Actually, Göring was not an attendee of the Wannsee conference. Nobody really in the top of the SS or the Nazi government lost any sleep over the holocaust though. The Nürenberg laws were co-written by Wilhelm Stuckart, a state secretary in the German Interior Ministry. Stuckart wrote the "Law for the Protection of German Blood and Honor" which was passed with the help of Göring, though they might as well have put Pinnochio on the Reichstag's main chair that day because nobody was about to oppose it.
The main driving force behind the endlösung (final solution) was Reinhard Heydrich, supposedly with a mandate from Hitler himself.

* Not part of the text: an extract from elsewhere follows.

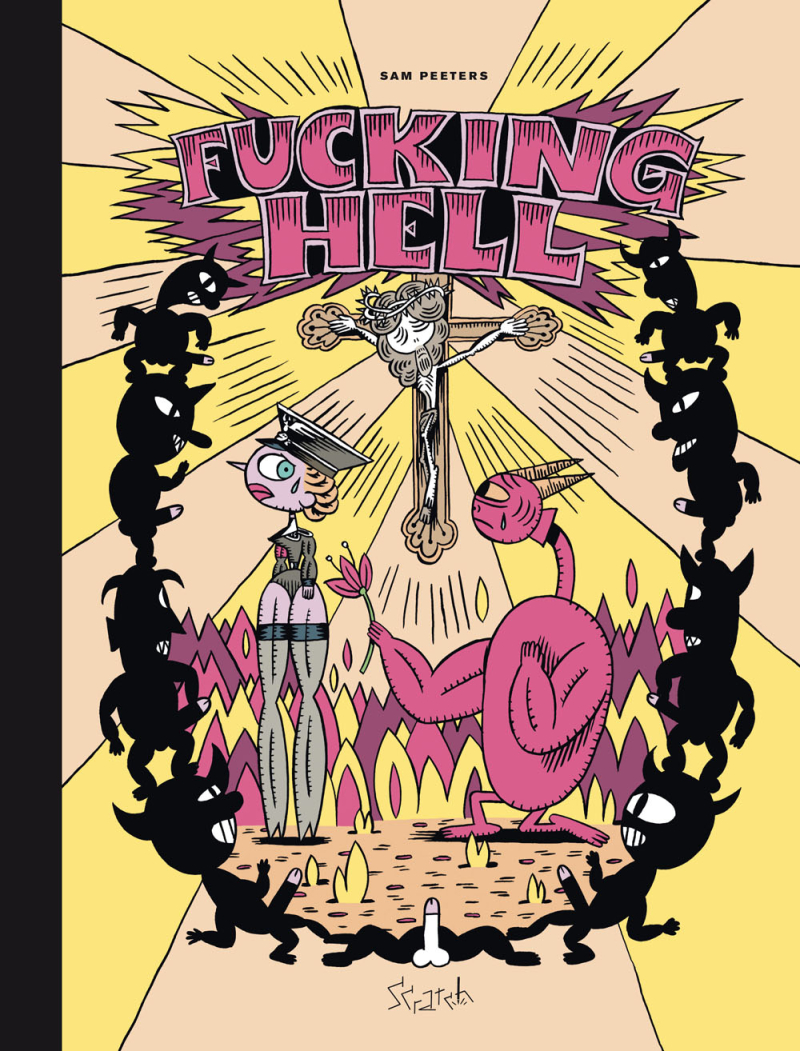 Sam Peeters - Fucking Hell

After he died it was Adolf Eichmann that took over that role and made sure the trains kept moving no matter what, and that well into the end of WWII.
http://en.wikipedia.org/wiki/Wannsee_Conference
Göring was a huge proponent of the endlösung, and without his endorsment the trains that were desperatley needed elsewhere would not have been given with priority to Eichmann, but there is no real connection between him and the installation of the endlösung.
During the Nüremburg trials Göring was one of the few not so hypocritical to distance himself from the endlösung and not only admitted to knowing about it but being proud to have taken part in it.
PS: my keyboard has a öäü and ß because I use a German keyboard on this laptop so I cant help you out with that.